Come to the Octopus Books take over at Berl’s! Hear Simone John, Brooke Ellsworth and Amy Lawless read from their recent publications. Free wine and beer while it lasts. Scroll down for more deets
Simone John is a poet, educator, and facilitator based in Boston, MA. She received an MFA in Creative Writing from Goddard College with an emphasis on documentary poetics. Her poetry and essays have appeared in Wildness, The Pitkin Review, Public Pool, and the Writer in the World. She is a contributing editor at Gramma Poetry. Testify is her first full-length book of poems.
Brooke Ellsworth is author of Serenade (forthcoming from Octopus Books this fall). She is also author of Mud (dancing girl press, 2015) and Thrown: A Translation (The New Megaphone, 2014). Recent work is in Jubilat, FANZINE, Matter Monthly, The Volta, and elsewhere. She lives in Peekskill, NY and at brookeellsworth.com.
Amy Lawless is the author of two books of poems including My Dead (Octopus Books). Her third poetry collection Broadax is forthcoming from Octopus Books. A chapbook A Woman Alone is just out from Sixth Finch Books. With Chris Cheney she is the author of the hybrid book I Cry: The Desire to Be Rejected from Pioneer Works Press' Groundworks Series (2016). Poems have been recently anthologized in Best American Poetry 2013, Academy of American Poets' Poem-a-Day: 365 Poems for Every Occasion, and the Brooklyn Poets Anthology (Brooklyn Arts Press). She received a poetry fellowship from the New York Foundation for the Arts in 2011. Amy grew up in Boston and lives in Brooklyn.

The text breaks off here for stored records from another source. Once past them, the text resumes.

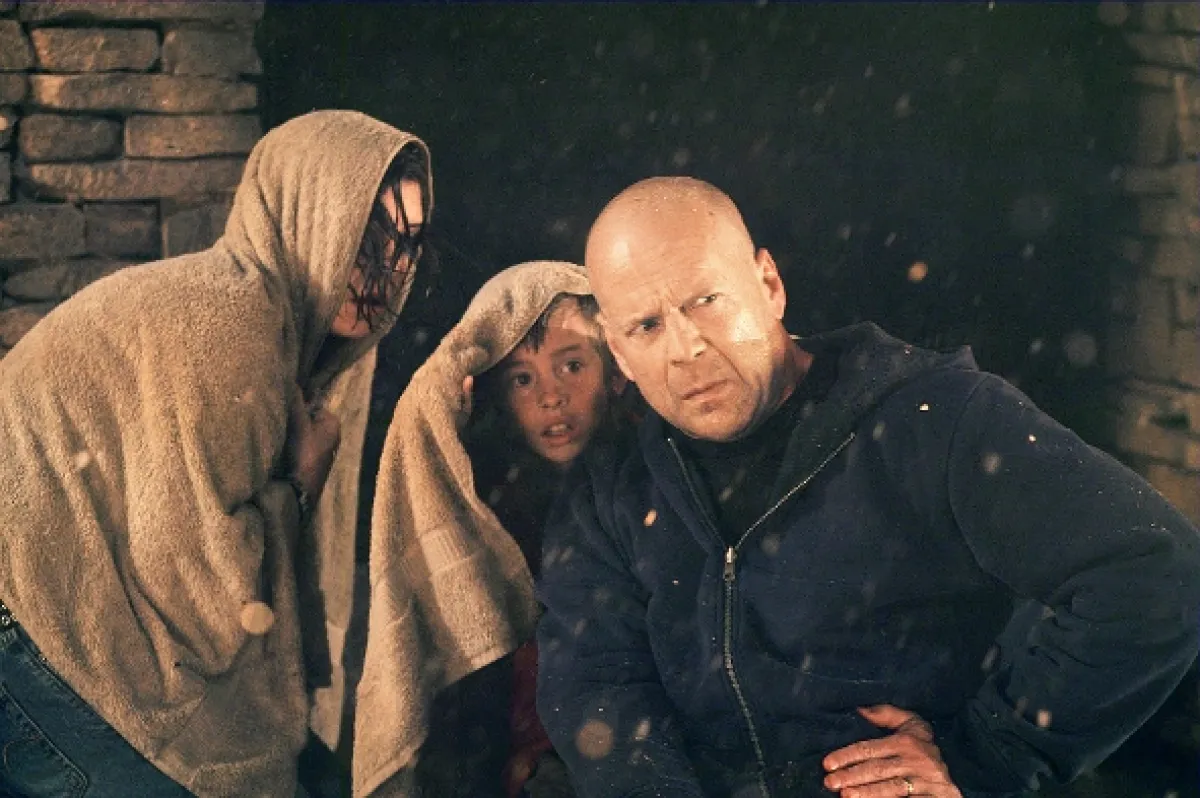 Rukojemník (Hostage), 2005 - fotogaléria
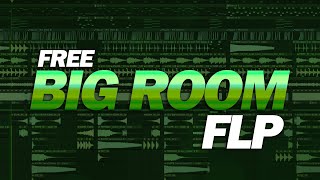 Free Big Room FLP by Kastaro [upl. by Adim]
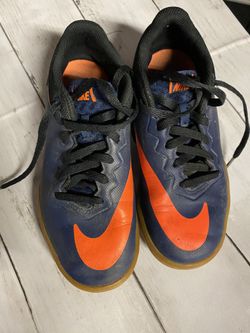 Boys indoor soccer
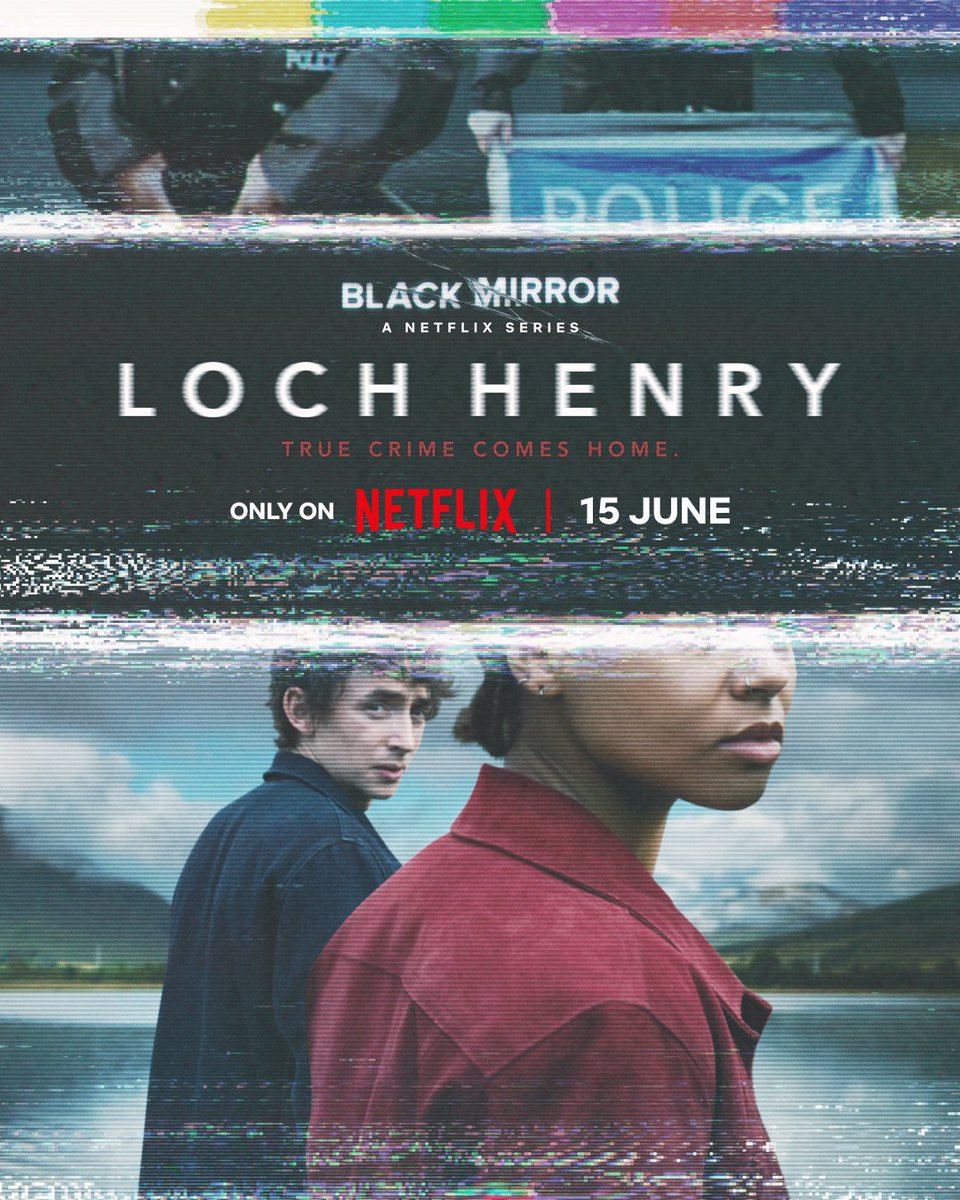 ¡QUEDAN 10 DÍAS PARA QUE REGRESE BLACK MIRROR! Netflix acaba de lanzar los carteles de todos los capítulos que veremos el día 15 de Junio donde prometen viajes espaciales, inteligencias artificiales, venganzas y viajes en el tiempo.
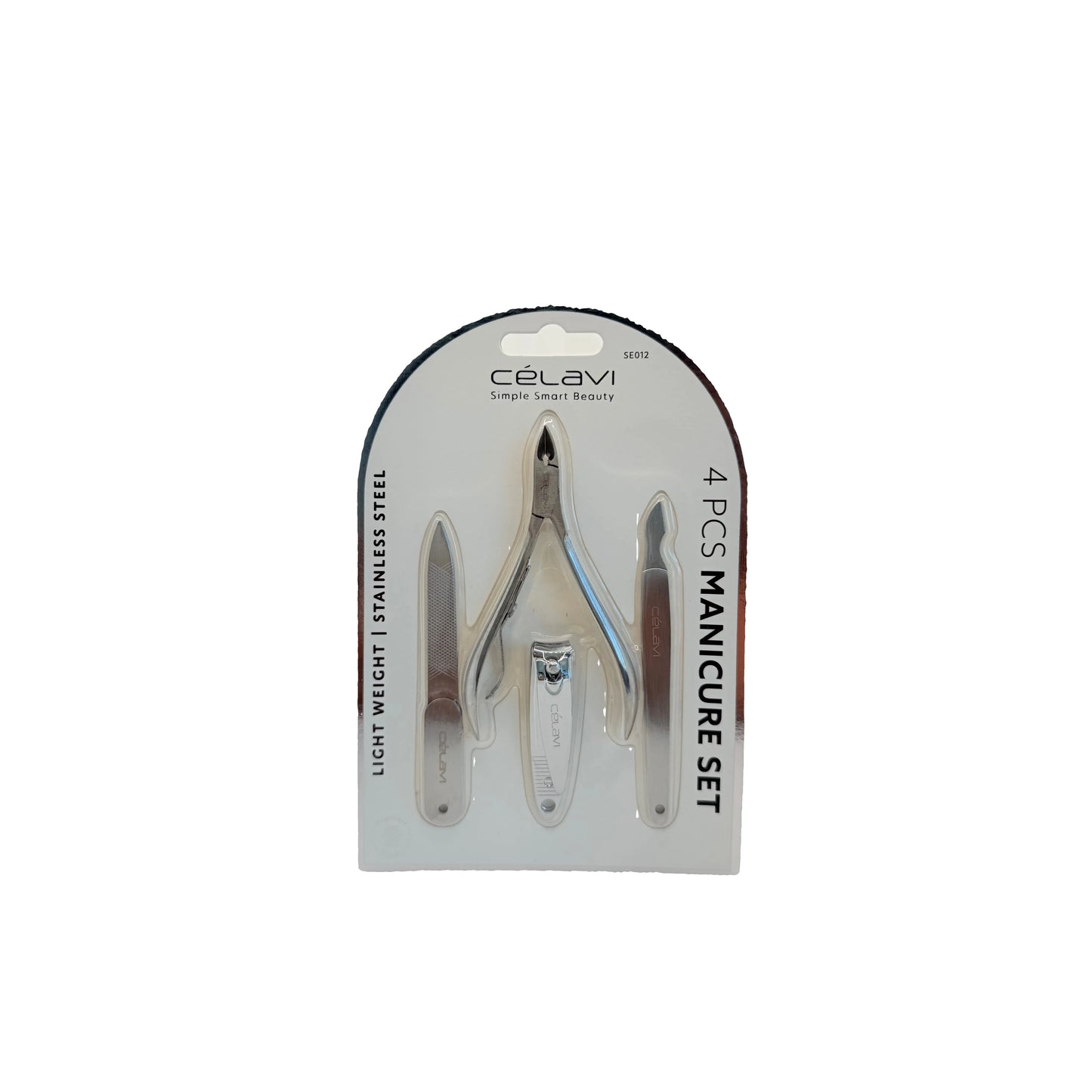 4PC Manicure Set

To read an excerpt of Amy’s work, head to: realitybeach.org/issue-three/lawless/
TESTIFY (Octopus Books), Simone John’s first full-length book of poems, experiments with documentary poetics to uplift stories of black people impacted by state-sanctioned violence. The book’s first section weaves Rachel Jeantel’s testimony in the Trayvon Martin trial with Kendrick Lamar lyrics, fixed form and found poems, and personal artifacts. The second section centers on the audio of the dashboard recording that captured Sandra Bland’s fatal police encounter. Excerpts from this exchange are punctuated with elegies for other dead black women, creating a larger commentary about race and gender-based violence. Testify is ultimately a book of witness. It “burdens” its readers “with knowing.” Combined, both chapters serve as an unflinching critique of race and gender supremacy in the United States.